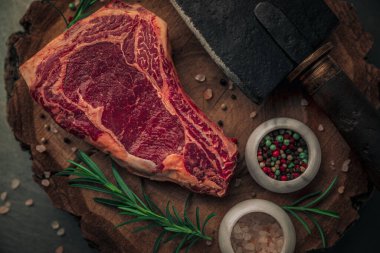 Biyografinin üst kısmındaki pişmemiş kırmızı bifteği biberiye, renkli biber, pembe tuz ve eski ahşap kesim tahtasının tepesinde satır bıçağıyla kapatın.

..........

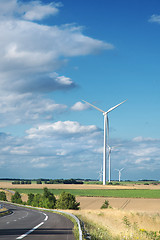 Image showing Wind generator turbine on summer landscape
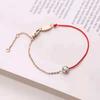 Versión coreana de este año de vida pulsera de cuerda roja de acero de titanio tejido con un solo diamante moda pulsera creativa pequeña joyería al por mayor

..........

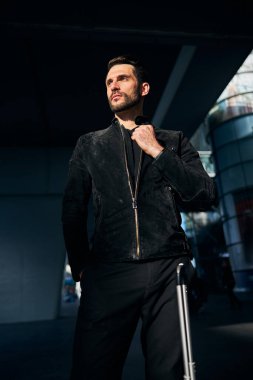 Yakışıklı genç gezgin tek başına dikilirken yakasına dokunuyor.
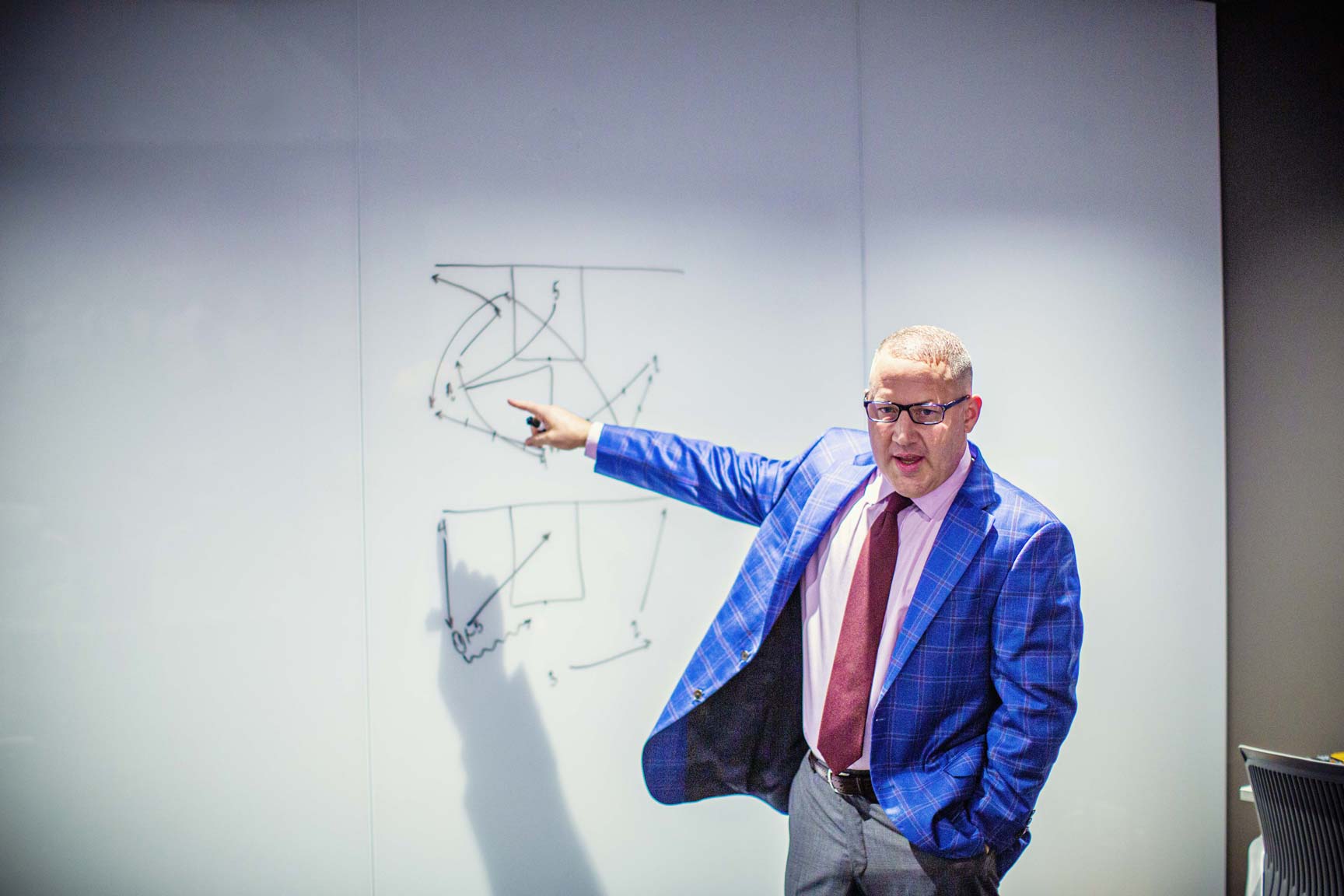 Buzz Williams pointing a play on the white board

..........

Task requirements:
Reproduce the listing above exactly from the line containing "Image showing Wind" up to and including the line containing "Versión coreana de", omitting any images and everything outside those lines.

Response:
 Image showing Wind generator turbine on summer landscape
 Versión coreana de este año de vida pulsera de cuerda roja de acero de titanio tejido con un solo diamante moda pulsera creativa pequeña joyería al por mayor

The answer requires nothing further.